Plants hold the secret to mitigating climate change

Everyone knows that plants need light. Few people, however, know that carefully studying how plants use light and how efficiently they use it can make an important contribution to mitigating the effects of climate change.

  Photos by: Nicolás Jacob / Leonardo Parra
By: Inés Elvira Ospina


If worldwide emissions of greenhouse gases (GHG) are not reduced by the year 2100, Colombia and many other places in the world will face terrible difficulties. Rising sea levels would threaten coastal towns and cities; snowcaps would melt, and the moorlands on our high plateaus, the predominant source of potable water for our towns and cities, would be significantly reduced in size.

These are the warnings found in New Scenarios of Climate Change for Colombia 2011-2100, a study conducted by the Institute of Hydrology, Meteorology, and Environmental Studies -IDEAM), with United Nations assistance, which describes the changes that will be produced by the emission of GHG in Colombia throughout the present century.

Time for research

These kinds of warnings make plant research a priority, since plants absorb carbon dioxide from the air through the process of photosynthesis, fix it, and turn it into biomass, counteracting global warming.

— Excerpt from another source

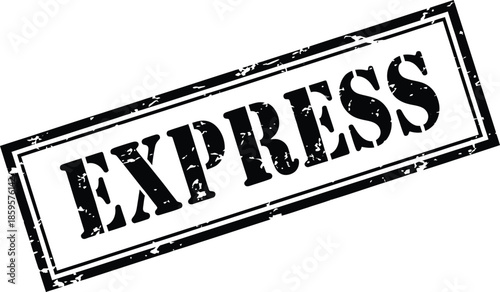 Vintage style express stamp graphic in black ink rectangular shape on transparent background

“More detailed knowledge will allow us to better manage our forests to mitigate the effects of GHG. Much immediate knowledge can come out of research that seems very basic and lacking in practical applications, but this can lead to innovation and new ideas,” says Camilo Rey Sánchez, forest engineer and researcher on the project carried out by the Group on Functional and Ecosystemic Ecology of the Faculty of Natural Sciences and Mathematics of the Universidad del Rosario.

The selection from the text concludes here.